■ **WORK TO BE COMPLETED**: Without the images, reproduce each line of the material exactly.

■ **DATASET EXCERPT**:

* * * *

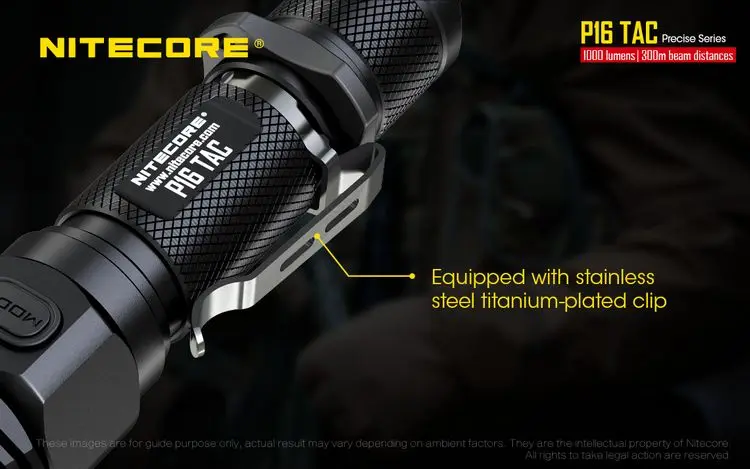 2019 Nitecore P16TAC 1000LMs CREE XM-L2 U3 светодиодный тактический фонарь с 18650 Перезаряжаемые Батарея Охота поисковый фонарь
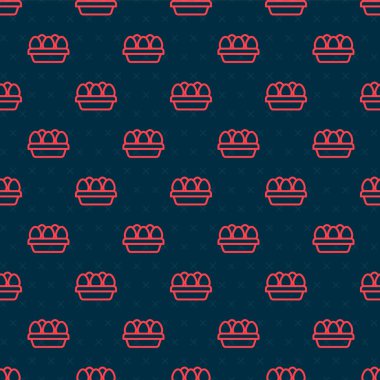 Kırmızı çizgili tavuk yumurtası, siyah arka planda izole edilmiş. Vektör.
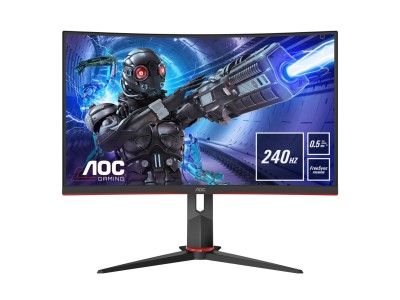 27" AOC C27G2ZU/BK, Curved VA 1920x1080, 0.5 ms, 240Hz FreeSync, höjdjusterbar, 2xHDMI/DP, högtalare, USB-hubb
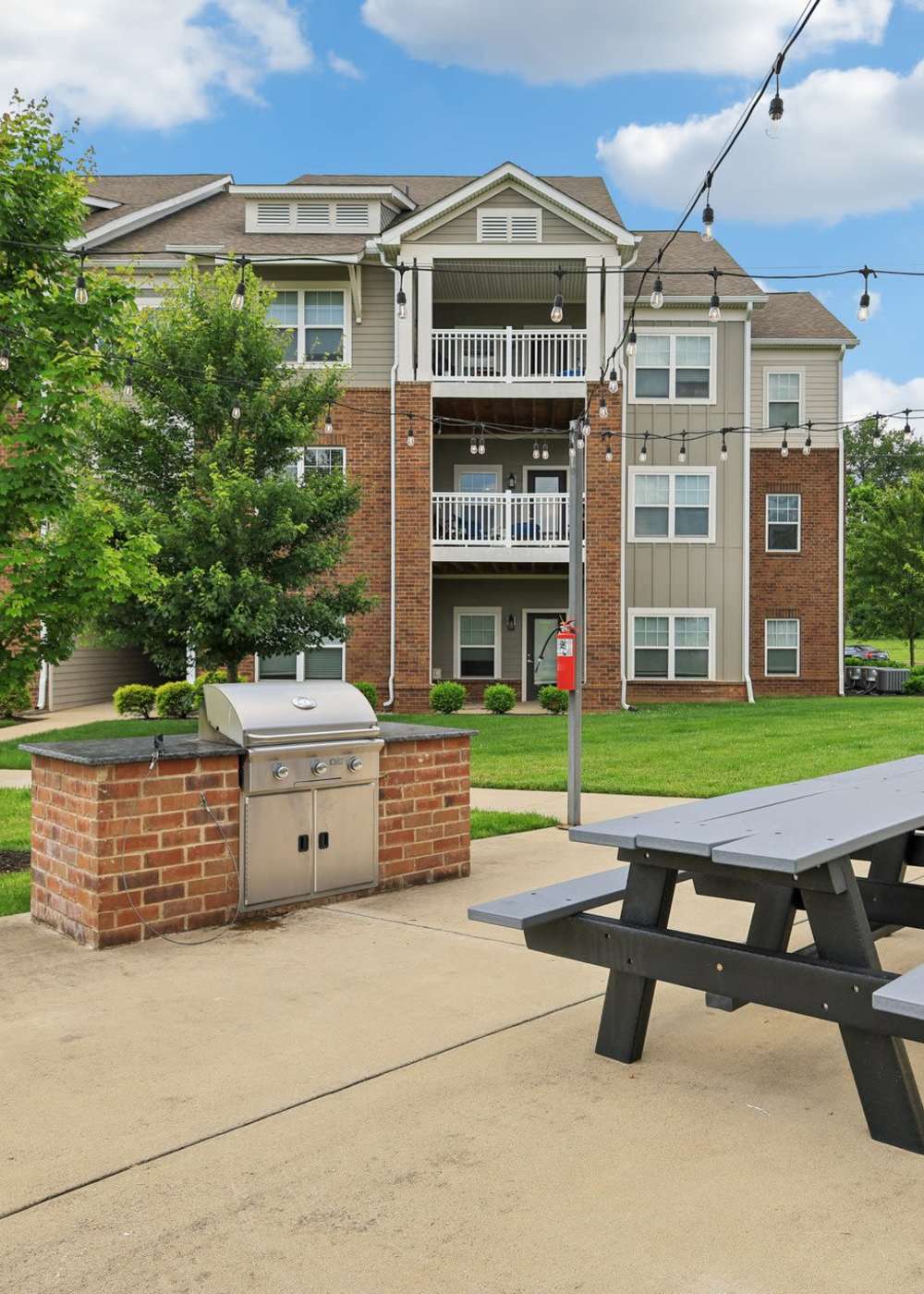 Outdoor grilling station at The Drake in Bowling Green, Kentucky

* * * *

■ **COMPLETED TASK**:
 2019 Nitecore P16TAC 1000LMs CREE XM-L2 U3 светодиодный тактический фонарь с 18650 Перезаряжаемые Батарея Охота поисковый фонарь
 Kırmızı çizgili tavuk yumurtası, siyah arka planda izole edilmiş. Vektör.
 27" AOC C27G2ZU/BK, Curved VA 1920x1080, 0.5 ms, 240Hz FreeSync, höjdjusterbar, 2xHDMI/DP, högtalare, USB-hubb
 Outdoor grilling station at The Drake in Bowling Green, Kentucky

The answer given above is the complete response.